Most bolted joints consist of at least two joint components along with the fastening system. The fastening system may be a bolt and a nut, a bolt or screw and a threaded or tapped joint component, the bolt and nut with a variety of washer designs, etc. In the most basic form, a joint consisting of two plates along with a nut and bolt is shown in Image 2.
The bolts are preloaded to a force in the bolt (Fb). The amount of stretch in the bolt is proportional to the stiffness of the bolt and the active length (L).
The equation for bolt stretch is shown in Equation 1:
dL = (Fb L)/AE
The precise equation is not critical for this discussion. However, it is important to note that the stretch is proportional to the preload and bolt length. If bolt length is fixed and the load is constant (and hence, the stretch), then this is a static application.
In 1969, Junker6 indicated that transverse loading (perpendicular to the bolt’s axis) is most likely to result in self-loosening. Since that time, many studies have confirmed that cyclic transverse loadings result in a similar pattern of events that lead to the unloading of a prestressed bolt. Image 1 shows relative slip (a) between the joint members during each cycle of vibration.
As this slip occurs, it is plain to see that the load on the bolt will also change. This is revealed in Junker’s test data where there is an oscillation in load during each vibration. This variation in preload will be proportional to the amount of relative transverse displacement and the stiffness of the bolt. If the bolt preload changes during each cycle (dF’b), then the bolt stretch must also change by a proportional amount (dL’). The equation for the change in force during each cycle can be solved in Equation 2.
dF’b = (dL’ AE)/L
Taking this to extremes, if the value for a or bolt stiffness is large, then the change in force would be greater. Conversely, as these values approach zero, there would be no expected change in preload. In addition, if the bolt length was longer, then the change in force would be smaller for each cycle. This is because longer bolts add more elasticity to the fastening system. To an even greater extreme, if the bolt was infinitely long, there would be no change in load during each cycle. This would become a static application. In general, the loss of preload due to vibration follows a similar general pattern and occurs in two observed stages. Stage I shows a gradual relaxation from the initial preload. Once the load drops below some critical value, Stage II begins, and there is a rapid loosening.

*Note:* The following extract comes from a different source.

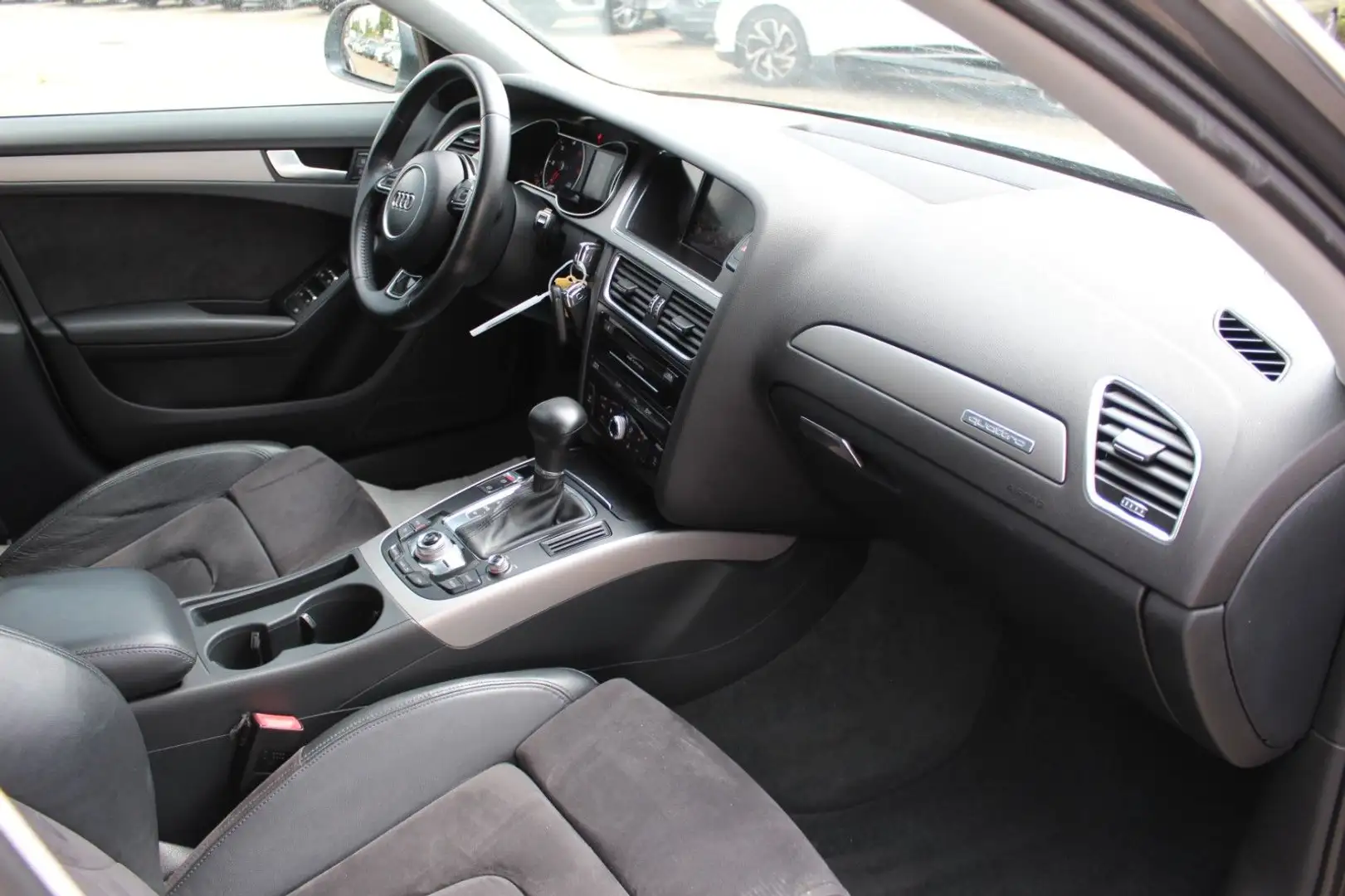 Audi A4 allroad quattro 3.0 TDI*8-fach*MMI-NAVI PLUS* Gris - 2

There is a relationship to the angular rotation of the fastener components with respect to the joint and that value is ϴ, shown in Image 3.
This makes sense intuitively. If the nut backs off (rotated), then one would expect the load to drop quickly. Many products that aim to prevent bolt self-loosening failures aim to reduce or eliminate the losses in Stage II of the curve. These products include ways to reduce or counter the rotation of the nut or bolt head with respect to the joint. Each of these has its own pros and cons with respect to preventing the rotation of components. Some examples are mechanically locked fastening systems like lock wire or pins, thread locking compounds, elastic stop nuts or bolts with nylon patch material, modified thread systems, serrated washer systems and lock or toothed washers. Rather than reduce the load loss in Stage II, it would be better to reduce the load lost in Stage I so that Stage II never occurs. There is little to no angular rotation in Stage I. Most attribute the loss of preload in this stage to the embedment of plastic deformation of the stressed components during each cycle of load. Assuming that this is true, then it is also reasonable to assume that the rate of embedment diminishes over cycles.
The curve agrees with this assumption given that the load lost after some early losses flatten out to a comparably lower rate. Based on the equation for the change in preload discussed earlier, if the bolt length was long, this would increase the system’s elasticity and the change in preload due to any embedment would be reduced proportionally. Another way to increase the elasticity of a bolting system is to use Belleville springs. Bellevilles can increase a bolt’s effective length by a factor of 10X or more.
Now, consider a case where one Belleville is added to the fastening system and the added elasticity (deflection) of the spring is .015 inch (Image 4).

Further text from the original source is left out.